Empress life may prove too much for Japanese royal
 
 The 82-year-old Akihito, who, with Empress Michiko, won hearts at home by championing the disadvantaged and worked to heal the wounds of World War Two abroad, hinted in a televised address on Monday that he could give up the Chrysanthemum Throne due to advancing age.
While Naruhito, 56, is seen as ready for the succession and has taken on more official duties, Masako, 52, who turned down his first two proposals during a long courtship beginning nearly 30 years ago, has struggled as Crown Princess.
Harvard-educated Masako, who reluctantly abandoned a diplomatic career to marry, has for more than a decade battled depression, as she grappled with the prescriptions and proscriptions of palace life and pressure to produce a son.
Their daughter, 14-year-old Aiko, cannot take the throne under male-only inheritance laws.
In 2012, Masako, who spent large parts of her early life overseas and speaks several languages, acknowledged that she had been battling a stress-related illness for a long time.
Her public appearances are still sporadic.

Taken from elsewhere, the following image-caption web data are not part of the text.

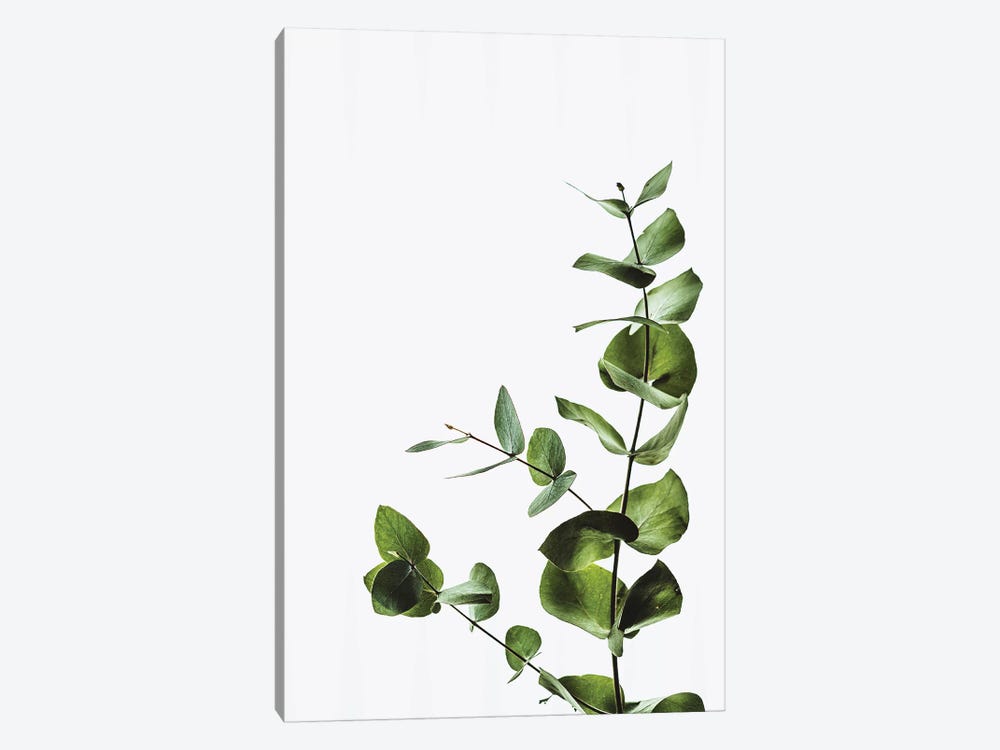Elegant Green Plant by Pixy Paper 1-piece Canvas Artwork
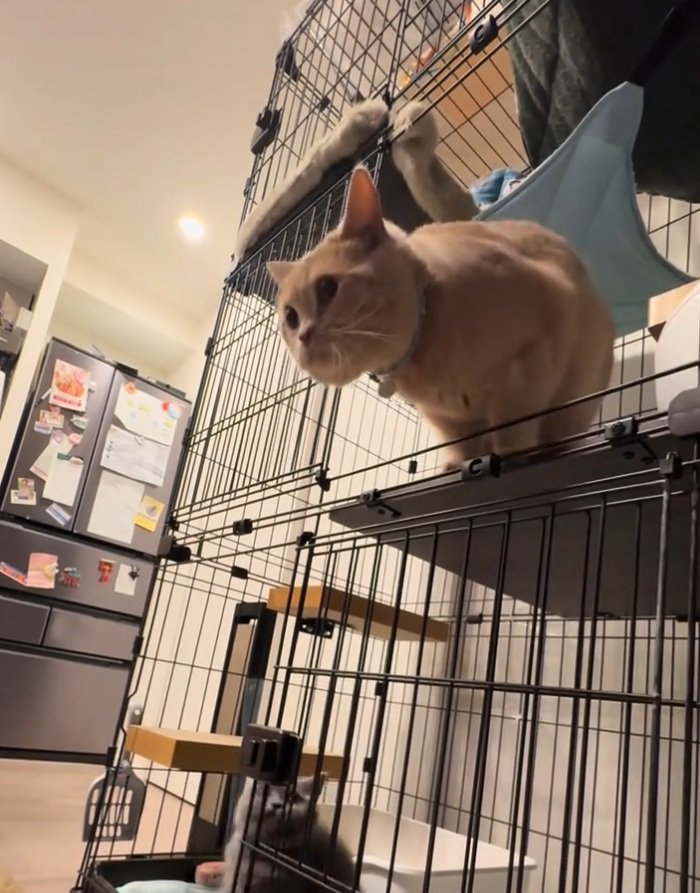 ジャンプしようとする桐くん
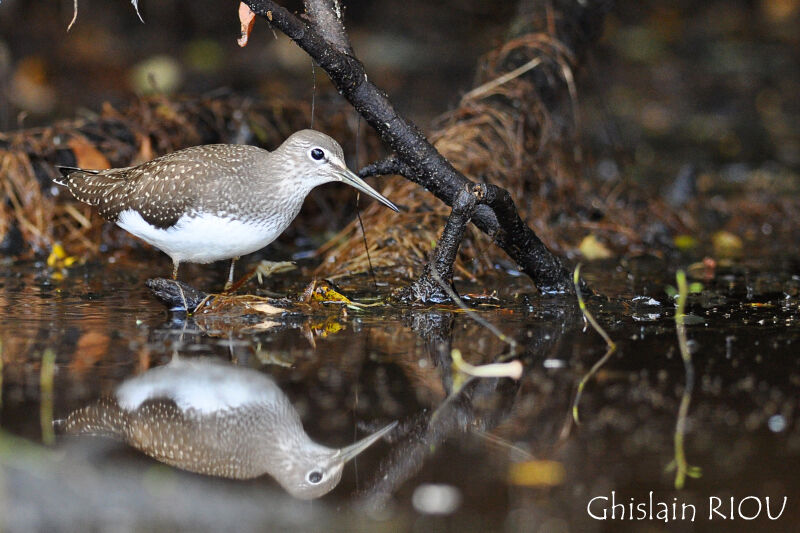 Green Sandpiper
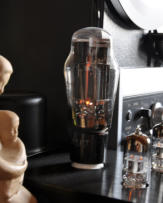 Add your one line caption using the Image tab of the Web Properties dialog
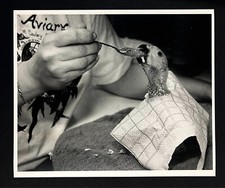 1988 Aviary At Cauley Square Miami FL Baby African Gray Parrot Feed Press Photo picture
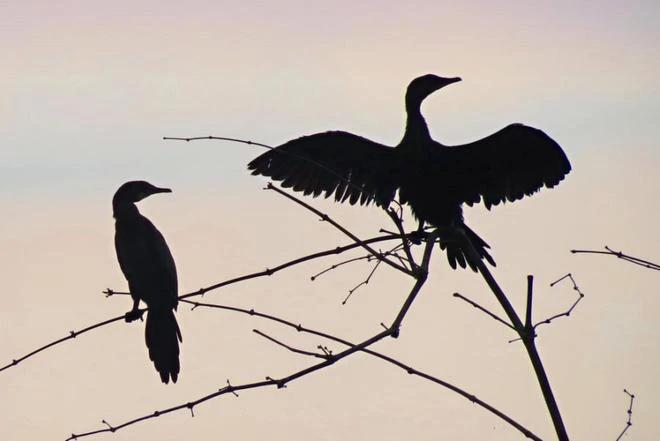 Tràm Chim, thiên đường mùa nước nổi ảnh 5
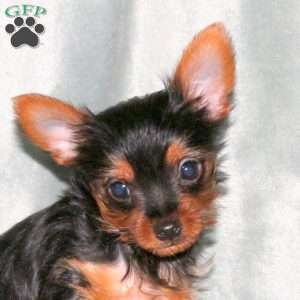 Harvey, Yorkie Puppy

“Imperial popularity tends to be earned through carrying out public duties over the course of the reign,” said Kenneth Ruoff, a professor at Portland State University and author of The People’s Emperor.
“If Naruhito does that, there is no reason to think he would be any less respected than his father. The case of Masako is more difficult to foresee.”
Naruhito’s interests in medieval transport and environmental causes seem safely worthy, if dull, though royal watchers say he has broken new ground, like advocating hands-on fathering, uncommon in a country where there is still a strong gender-based division of labour both at work and home.
He is also unusual, for a Japanese royal, in having studied abroad.
Naruhito has made clear he will carry on his father’s work of reminding people about the importance of peace, even as Prime Minister Shinzo Abe moves to recast wartime history with a less apologetic tone.
But he is best known for his passionate defence of Masako, who disappeared from public view in 2003 with shingles and what was later described as an “adjustment disorder”.
In 2004 he set off an unusually public feud with the Imperial Household, the agency responsible for organising the activities of the royal family, by saying that Masako, who had hoped to use her diplomatic experience as crown princess, had “totally exhausted herself” trying to adapt to palace life.
“It is true there were moves to negate Masako’s career and her personality, which was influenced by that career,” he said.